─── Extracted records ───

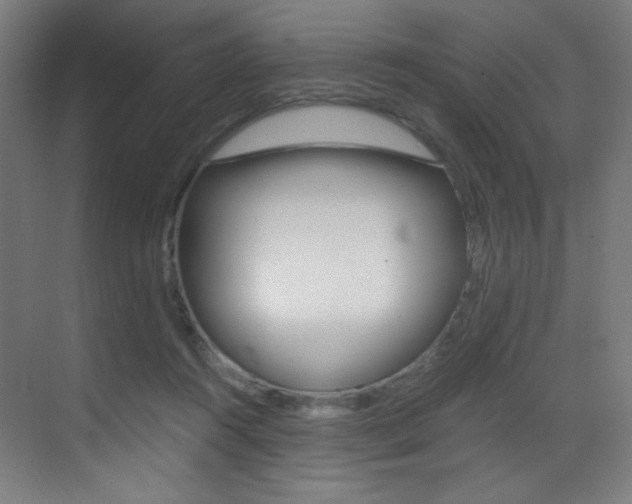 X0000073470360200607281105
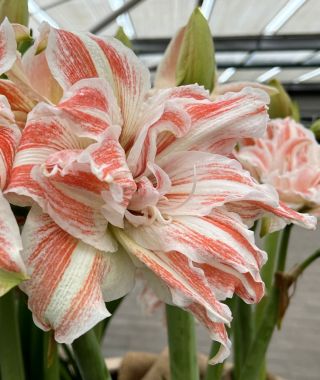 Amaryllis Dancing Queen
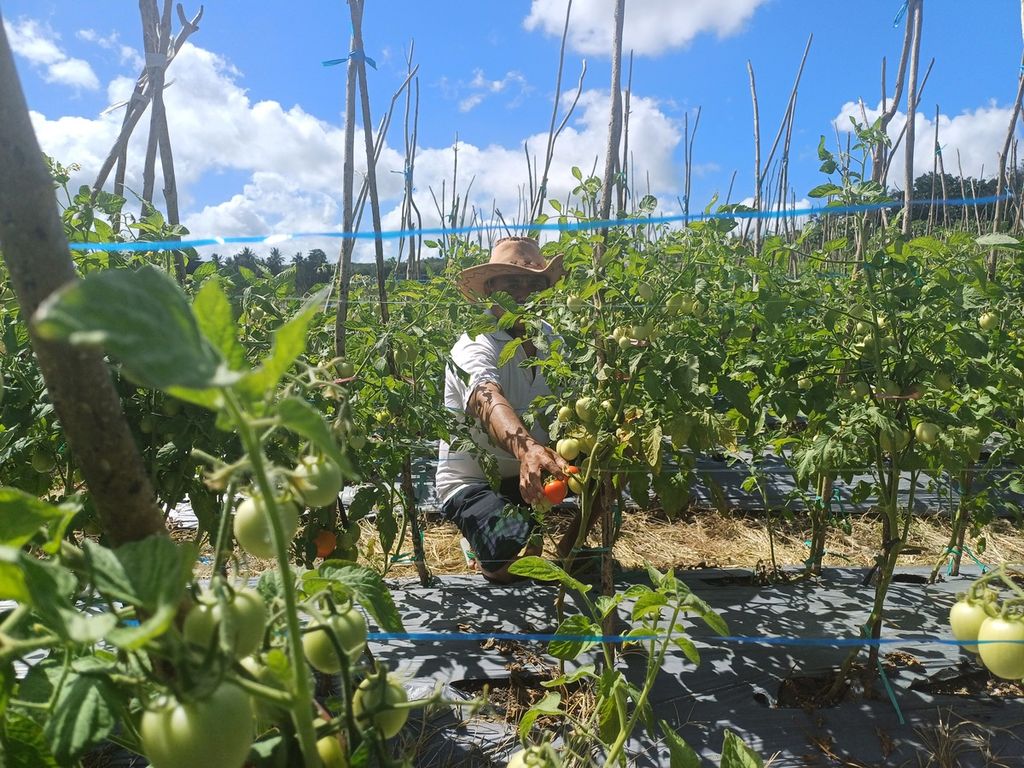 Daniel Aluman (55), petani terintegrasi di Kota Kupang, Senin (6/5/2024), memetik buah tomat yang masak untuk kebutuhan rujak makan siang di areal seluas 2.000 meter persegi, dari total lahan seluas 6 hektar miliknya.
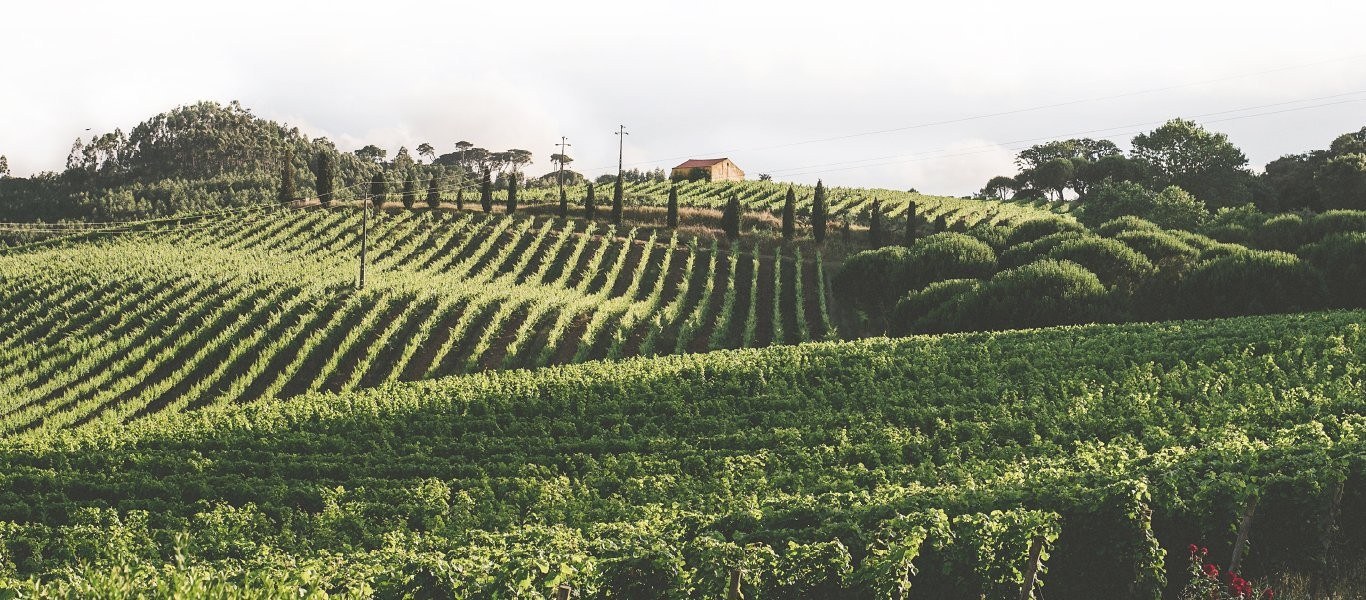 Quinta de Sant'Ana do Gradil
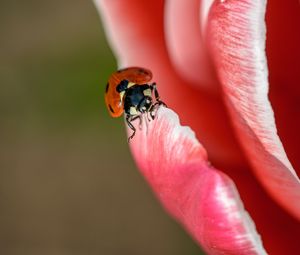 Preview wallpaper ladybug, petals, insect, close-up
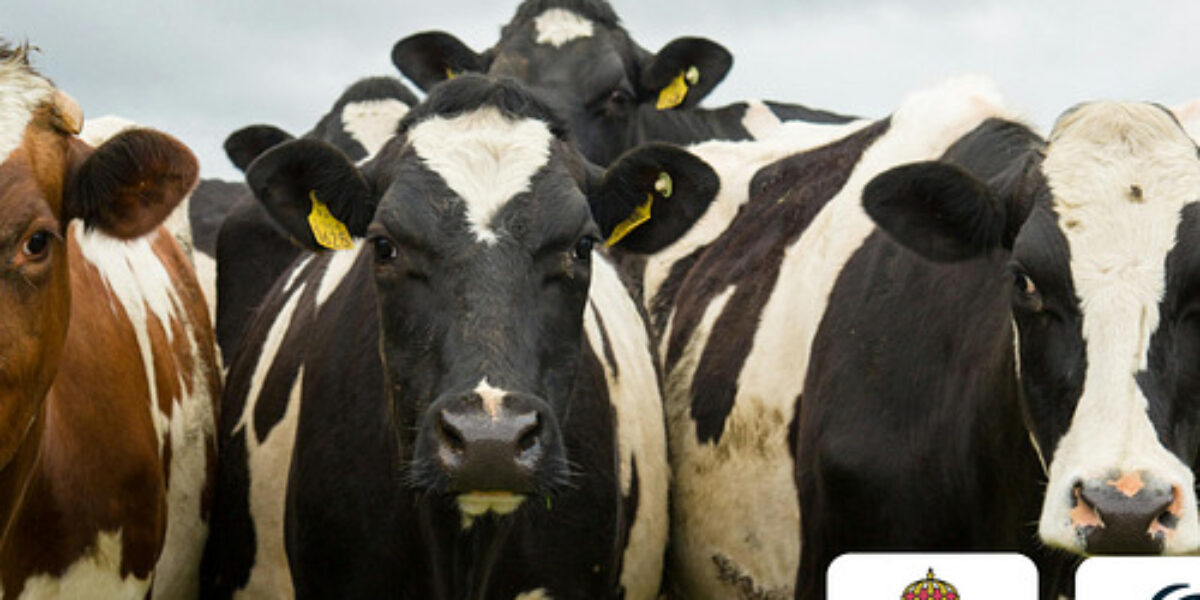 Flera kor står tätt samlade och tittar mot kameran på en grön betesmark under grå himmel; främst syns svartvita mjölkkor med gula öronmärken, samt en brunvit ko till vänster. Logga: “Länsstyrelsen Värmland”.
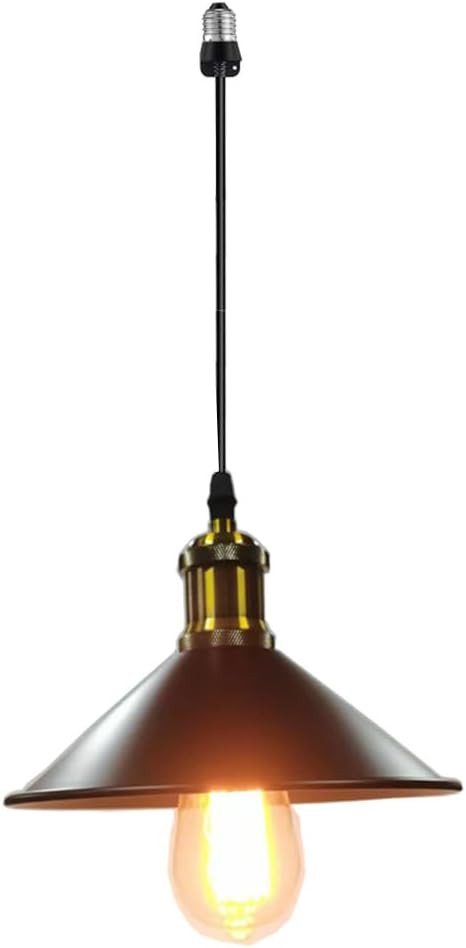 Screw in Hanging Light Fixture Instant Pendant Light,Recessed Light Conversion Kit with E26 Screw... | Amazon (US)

───
─── Extracted records ───

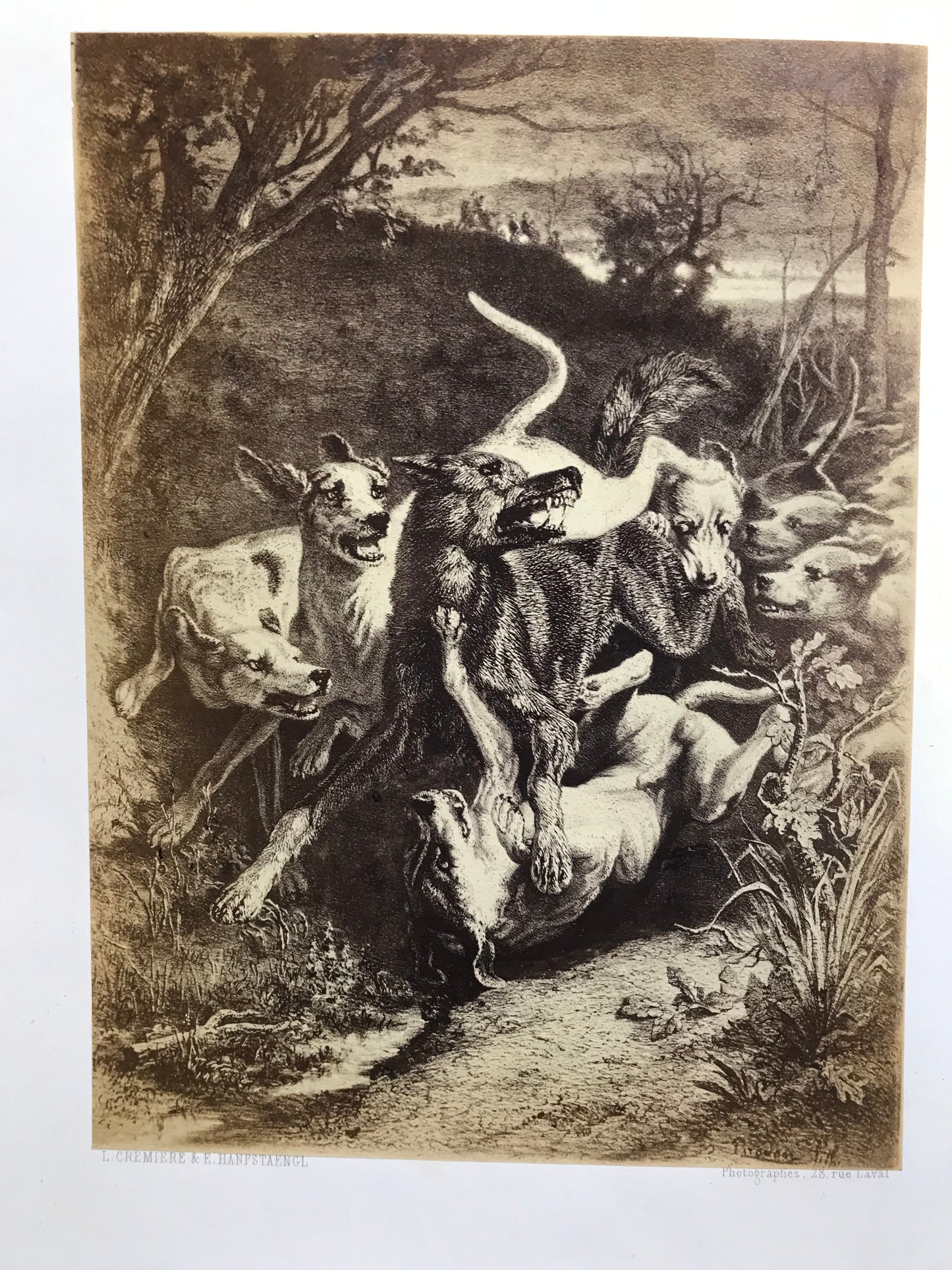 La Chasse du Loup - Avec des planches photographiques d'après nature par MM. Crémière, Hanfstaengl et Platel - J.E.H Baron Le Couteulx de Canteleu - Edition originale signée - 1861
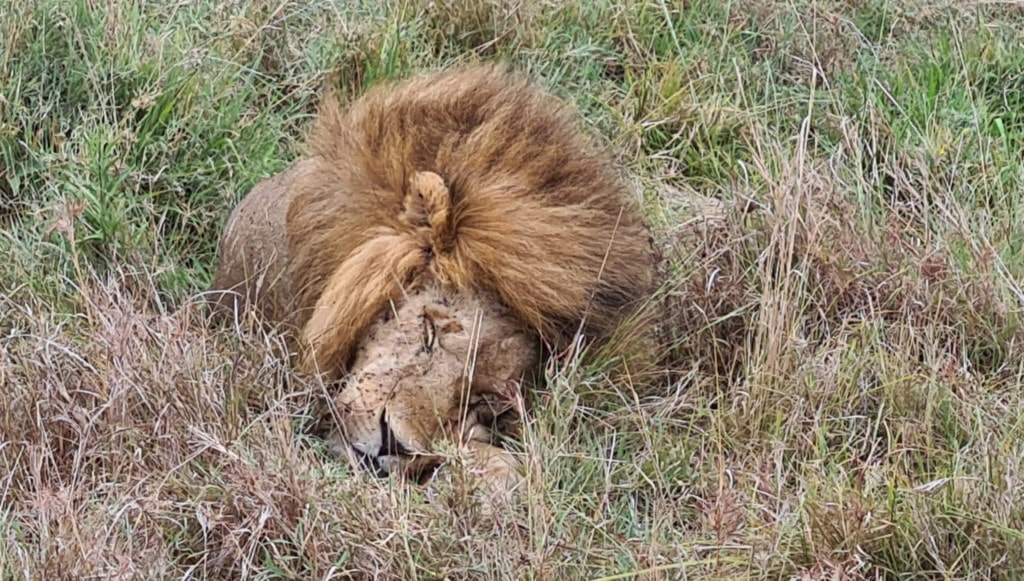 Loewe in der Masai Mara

───

Look above for the line containing "X0000073470360200607281105", then write out every line from there down to the line containing "Quinta de Sant'Ana do Gradil", that line included, with no pictures.

▸ Written answer:
 X0000073470360200607281105
 Amaryllis Dancing Queen
 Daniel Aluman (55), petani terintegrasi di Kota Kupang, Senin (6/5/2024), memetik buah tomat yang masak untuk kebutuhan rujak makan siang di areal seluas 2.000 meter persegi, dari total lahan seluas 6 hektar miliknya.
 Quinta de Sant'Ana do Gradil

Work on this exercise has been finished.